10.8k views Asked by At

I came across this very odd situation, and i thought i would throw it up to the crowd to find out the WHY.

I have a query that was joining a table on a linked server:

select a.*, b.phone
from table_a a, 
join remote.table_b b on b.id = a.id
 (lots of data on A, but very few on B)

this query was talking forever (never even found out the actual run time), and that is when I noticed B had no index, so I added it, but that didn't fix the issue. Finally, out of desperation I tried:

select a.*, b.phone
from table_a a, 
join (select id, phone from remote.B) as b on b.id = a.id

This version of the query, in my mind as least, should have the same results, but lo and behold, its responding immediately!

Any ideas why one would hang and the other process quickly? And yes, I did wait to make sure the index had been built before running both.

4

There are 4 answers

5
devarc On BEST ANSWER

It's because sometimes(very often) execution plans automatically generated by sql server engine are not as good and obvious as we want to.

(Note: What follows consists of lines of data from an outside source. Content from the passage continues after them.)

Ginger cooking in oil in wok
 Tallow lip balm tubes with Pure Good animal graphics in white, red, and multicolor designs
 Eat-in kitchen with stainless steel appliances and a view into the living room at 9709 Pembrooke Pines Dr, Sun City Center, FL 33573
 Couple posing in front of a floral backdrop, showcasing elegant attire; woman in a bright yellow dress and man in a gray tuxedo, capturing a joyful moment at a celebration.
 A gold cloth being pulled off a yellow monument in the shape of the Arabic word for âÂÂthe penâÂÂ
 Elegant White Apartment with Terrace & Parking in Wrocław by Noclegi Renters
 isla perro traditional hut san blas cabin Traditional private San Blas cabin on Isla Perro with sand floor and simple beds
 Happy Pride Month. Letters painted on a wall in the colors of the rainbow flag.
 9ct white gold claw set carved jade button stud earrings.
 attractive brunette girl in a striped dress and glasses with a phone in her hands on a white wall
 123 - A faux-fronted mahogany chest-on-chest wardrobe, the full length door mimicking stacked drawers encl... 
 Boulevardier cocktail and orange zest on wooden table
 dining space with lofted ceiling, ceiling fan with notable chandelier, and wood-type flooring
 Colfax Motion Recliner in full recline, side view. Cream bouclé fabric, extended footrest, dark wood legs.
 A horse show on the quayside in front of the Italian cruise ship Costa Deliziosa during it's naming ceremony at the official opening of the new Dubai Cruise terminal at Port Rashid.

You can look at execution plan in both situations. I suggest use hint in first query, something like that: INNER MERGE JOIN.

Here is some more information about that:

http://msdn.microsoft.com/en-us/library/ms181714.aspx

6
Dan Roberts On

Remote table as in not on that server? Is it possible that the join is actually making multiple calls out to the remote table while the subquery is making a single request for a copy of the table data, thus resulting in less time waiting on network?

5
Oleg Dok On

For linked servers 2nd variant prefetches all the data locally and do the join, since 1st variant may do inner loop join roundtrip to linked server for every row in A

0
Adrian Matteo On

I'm just going to have a guess here. When you access remote.b is it a table on another server?

If it is, the reason the second query is faster is because, you do one query to the other server and get all the fields you need from b, before processing the data. In the first query you are processing data and at the same time you are making several requests to the other server.

Hope this help you.